Programme Specifications

Programme Specification

MSc Low Carbon Building Design and Modelling

Academic Year: 2016/17

This specification provides a concise summary of the main features of the programme and the learning outcomes that a typical student might reasonably be expected to achieve and demonstrate if full advantage is taken of the learning opportunities that are provided.

This specification applies to delivery of the programme in the Academic Year indicated above. Prospective students reviewing this information for a later year of study should be aware that these details are subject to change as outlined in our Terms and Conditions of Study.

This specification should be read in conjunction with:

  • Summary
  • Aims
  • Learning outcomes
  • Structure
  • Progression & weighting

Programme summary

Awarding body/institution Loughborough University
Teaching institution (if different)
Owning school/department School of Civil and Building Engineering
Details of accreditation by a professional/statutory body

The programme is accredited for further learning for CEng and professional membership by the CIBSE and Energy Insitute.
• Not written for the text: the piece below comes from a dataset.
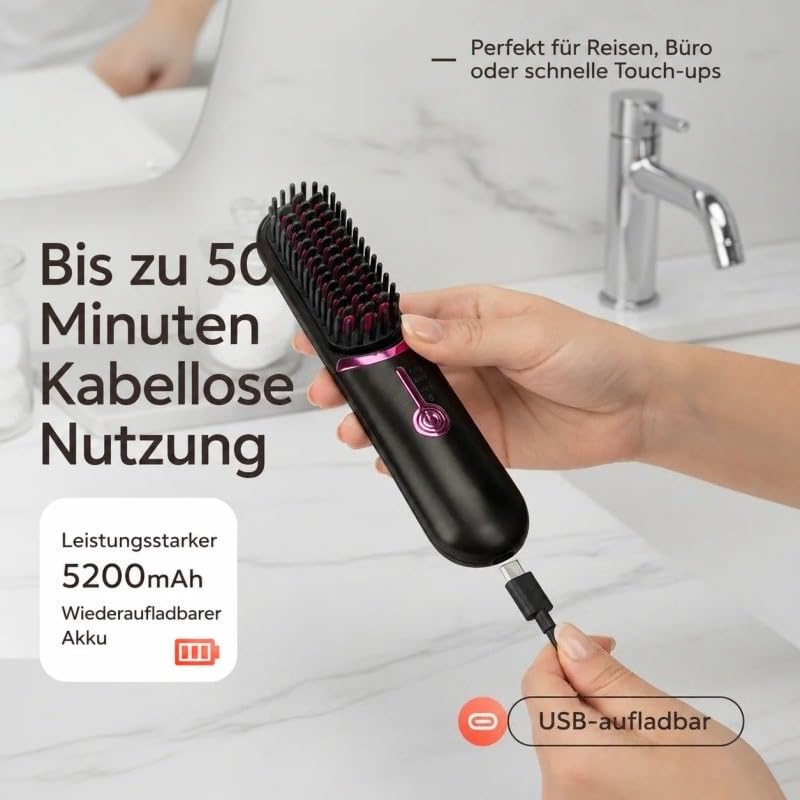 Ciriel - AirBrush Pro | Drahtlose Stylingbürste(Schwarz)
Final award MSc, PGDip, PGCert
Programme title Low Carbon Building Design and Modelling
Programme code CVPT43/44
Length of programme Minimum of 1 year (full-time) and 2 years (part-time) and a maximum of 3 years (full-time) and 5 years (part-time)
UCAS code
Admissions criteria

http://www.lboro.ac.uk/study/postgraduate/programmes/departments/civil/low-carbon-building-design/

Date at which the programme specification was published Fri, 12 Aug 2016 13:26:03 BST

1. Programme Aims

  • Help students gain their own insight into where and why buildings use energy;
  • Provide students with the opportunity to work in small teams to work on real low carbon building designs under real-world scenarios;
  • Equip students with the skillsets required for developing advanced building simulation modelling skills that will set them apart from traditional building services engineering graduates;
  • Provide instruction on how to use, effectively, some of the world’s leading software tools currently available;
  • Provide an innovative approach to training which will develop a wide range of transferable skills relevant for employment and further research; and
  • Present students with the unique opportunity to conduct a rigorous, detailed research project, on a topic of their choice in the field of low carbon building design and modelling.

2. Relevant subject benchmark statements and other external and internal reference points used to inform programme outcomes:

  • QAA Benchmark statements for engineering.
  • Framework for Higher Education Qualifications.
  • CIBSE Competence Criteria for Corporate Membership (based on the Competence Statements issued by the Engineering Council).
  • University Learning and Teaching Strategy.

3. Programme Learning Outcomes

3.1 Knowledge and Understanding

On successful completion of this programme, students should be able to demonstrate knowledge and understanding in the following areas:

  • where and how much energy is used in buildings;
  • climate data and climate change;
  • building regulations and directives;
  • the principles and methods of low carbon building design;
  • the range of renewable energy techniques and technologies available to building designers as part of their low carbon building solution;
  • an understanding of architectural form in relation to space and energy usage;
  • the elements of a building energy control system, together with supervisory and local-loop control strategies;
  • procedures for the commissioning of building energy systems;
  • the role of the architect in building design, and the building concept design process;
  • BIM in conceptual and low carbon building design and modelling;
  • low and zero energy standard, ie Passivhaus and whole life cycle assessment;
  • the principles and methods of a wide range of modelling techniques that can be used in the design of low carbon buildings;
  • how to use state of the art computer simulation, including daylight modelling, dynamic thermal simulation and airflow modelling, as an integrated tool within the building design process;
  • research methods applicable to the field of low carbon building design and modelling, including design optimisation, decision making, risk assessment and uncertainty and sensitivity analysis;
  • knowledge and understanding of design processes and methodologies.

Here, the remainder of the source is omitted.